11. The longest continuous tunnel is on the Northern line and runs from East Finchley to Morden (via Bank), a total of 17.3 miles.
12. Every week, Underground escalators travel the equivalent distance of going twice around the world.
13. The American talk show host Jerry Springer was born at East Finchley during the Second World War: his mother had taken shelter in the station from an air raid.
14. The first crash on the Tube occurred in 1938 when two trains collided between Waterloo and Charing Cross, injuring 12 passengers.
15. Busking has been licensed on the Tube since 2003. Sting and Paul McCartney are both rumoured to have busked on the Underground in disguise.

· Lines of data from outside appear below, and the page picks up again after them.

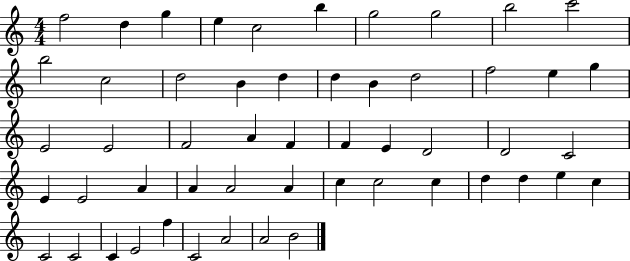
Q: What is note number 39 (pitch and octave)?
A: C5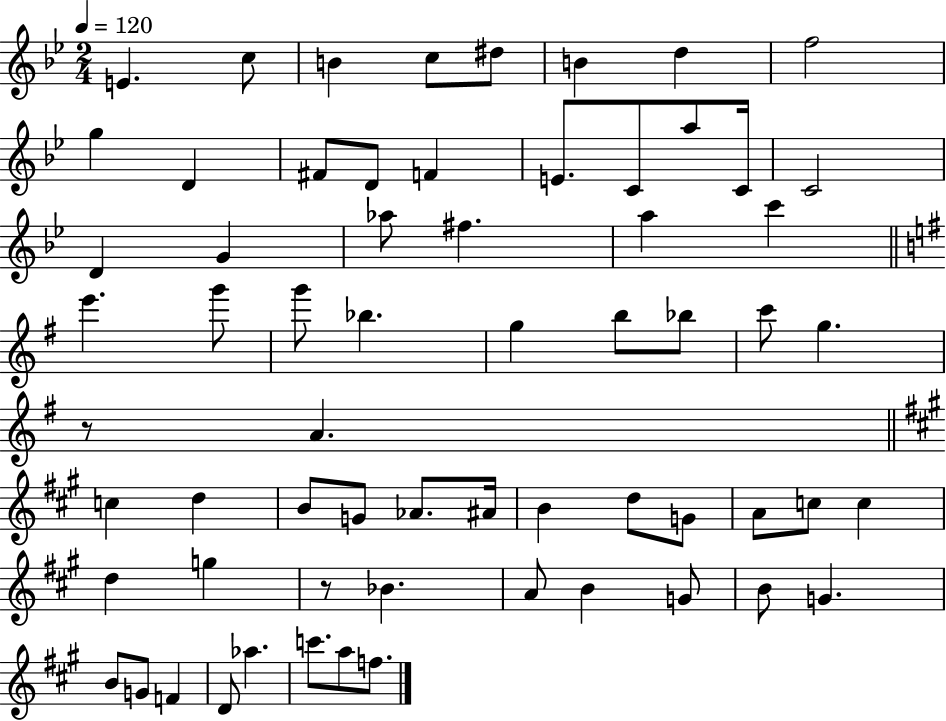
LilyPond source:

{
  \clef treble
  \numericTimeSignature
  \time 2/4
  \key bes \major
  \tempo 4 = 120
  \repeat volta 2 { e'4. c''8 | b'4 c''8 dis''8 | b'4 d''4 | f''2 | \break g''4 d'4 | fis'8 d'8 f'4 | e'8. c'8 a''8 c'16 | c'2 | \break d'4 g'4 | aes''8 fis''4. | a''4 c'''4 | \bar "||" \break \key e \minor e'''4. g'''8 | g'''8 bes''4. | g''4 b''8 bes''8 | c'''8 g''4. | \break r8 a'4. | \bar "||" \break \key a \major c''4 d''4 | b'8 g'8 aes'8. ais'16 | b'4 d''8 g'8 | a'8 c''8 c''4 | \break d''4 g''4 | r8 bes'4. | a'8 b'4 g'8 | b'8 g'4. | \break b'8 g'8 f'4 | d'8 aes''4. | c'''8. a''8 f''8. | } \bar "|."
}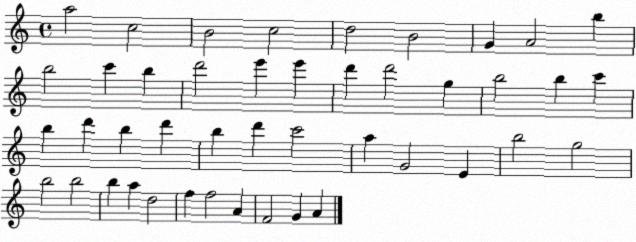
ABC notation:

X:1
T:Untitled
M:4/4
L:1/4
K:C
a2 c2 B2 c2 d2 B2 G A2 b b2 c' b d'2 e' e' d' d'2 g b2 b c' b d' b d' b d' c'2 a G2 E b2 g2 b2 b2 b a d2 f f2 A F2 G A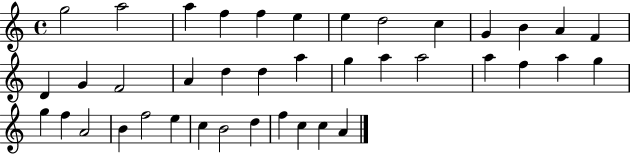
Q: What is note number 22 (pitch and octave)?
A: A5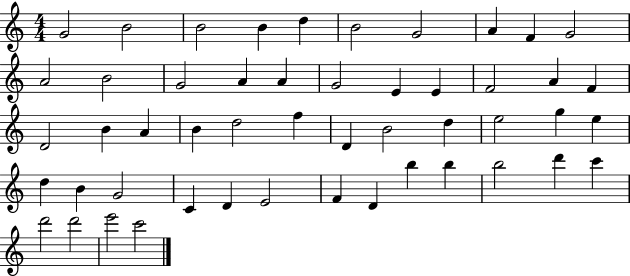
X:1
T:Untitled
M:4/4
L:1/4
K:C
G2 B2 B2 B d B2 G2 A F G2 A2 B2 G2 A A G2 E E F2 A F D2 B A B d2 f D B2 d e2 g e d B G2 C D E2 F D b b b2 d' c' d'2 d'2 e'2 c'2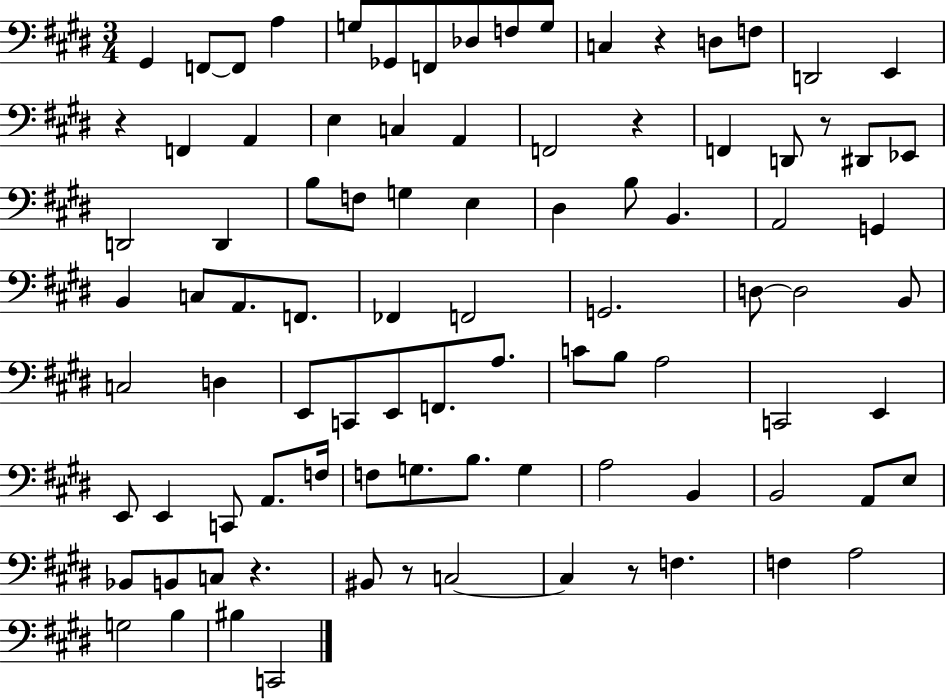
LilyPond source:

{
  \clef bass
  \numericTimeSignature
  \time 3/4
  \key e \major
  gis,4 f,8~~ f,8 a4 | g8 ges,8 f,8 des8 f8 g8 | c4 r4 d8 f8 | d,2 e,4 | \break r4 f,4 a,4 | e4 c4 a,4 | f,2 r4 | f,4 d,8 r8 dis,8 ees,8 | \break d,2 d,4 | b8 f8 g4 e4 | dis4 b8 b,4. | a,2 g,4 | \break b,4 c8 a,8. f,8. | fes,4 f,2 | g,2. | d8~~ d2 b,8 | \break c2 d4 | e,8 c,8 e,8 f,8. a8. | c'8 b8 a2 | c,2 e,4 | \break e,8 e,4 c,8 a,8. f16 | f8 g8. b8. g4 | a2 b,4 | b,2 a,8 e8 | \break bes,8 b,8 c8 r4. | bis,8 r8 c2~~ | c4 r8 f4. | f4 a2 | \break g2 b4 | bis4 c,2 | \bar "|."
}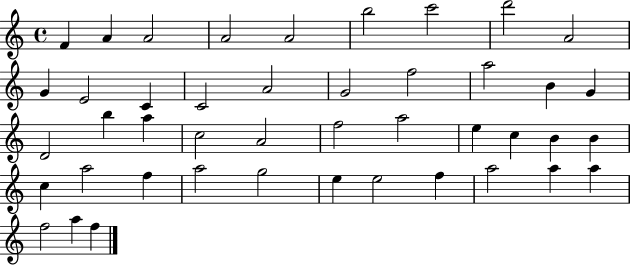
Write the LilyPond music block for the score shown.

{
  \clef treble
  \time 4/4
  \defaultTimeSignature
  \key c \major
  f'4 a'4 a'2 | a'2 a'2 | b''2 c'''2 | d'''2 a'2 | \break g'4 e'2 c'4 | c'2 a'2 | g'2 f''2 | a''2 b'4 g'4 | \break d'2 b''4 a''4 | c''2 a'2 | f''2 a''2 | e''4 c''4 b'4 b'4 | \break c''4 a''2 f''4 | a''2 g''2 | e''4 e''2 f''4 | a''2 a''4 a''4 | \break f''2 a''4 f''4 | \bar "|."
}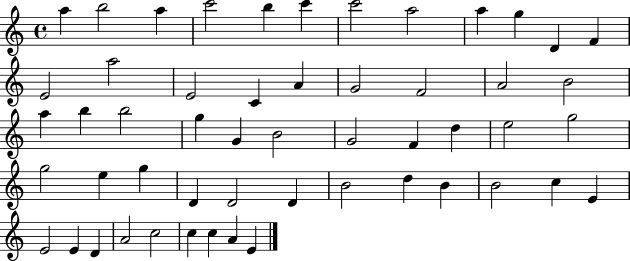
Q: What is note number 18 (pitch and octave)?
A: G4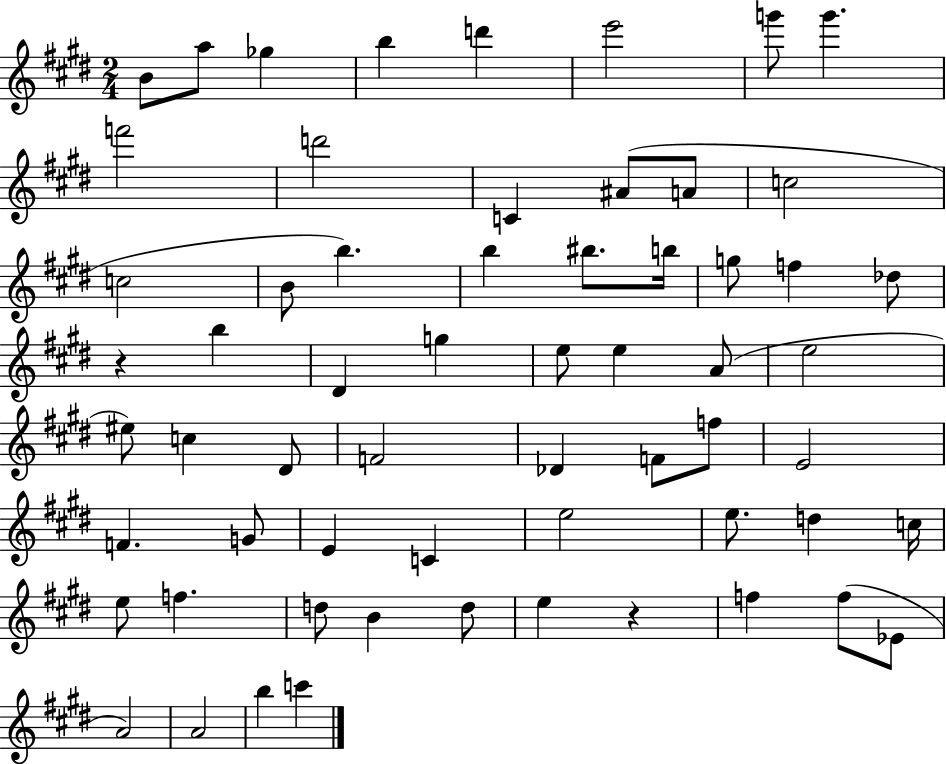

16. Smoking was banned on the Underground as a result of the King’s Cross fire in November 1987 which killed 31 people. A discarded match was thought to be the cause of that inferno.
17. In the film Harry Potter and the Philosopher’s Stone, the Hogwarts headmaster has a scar that resembles a map of the London Underground on his knee.
18. A macabre statistic is that the most popular tube suicide time is around 11 am.
19. In January 2005, in an attempt to alleviate a problem with loitering young people, the London Underground announced it would play classical music at problem stations.
20. Covent Garden is believed to be haunted by the ghost of William Terris who met an untimely death near the station in 1897.
21. Finsbury Park station has murals that show a pair of duelling pistols, harking back to a time when men would visit the park after hours to defend their honour.
22. According to a 2002 study air quality on the Underground was 73 times worse than at street level, with 20 minutes on the Northern Line having “the same effect as smoking a cigarette”.
23. Filming on location in the Underground costs £500 per hour (plus VAT) unless you have a crew of less than five.
24. The London Underground Film Office handles over 200 requests a month.
25. The most common location for filming is Aldwych, a disused station.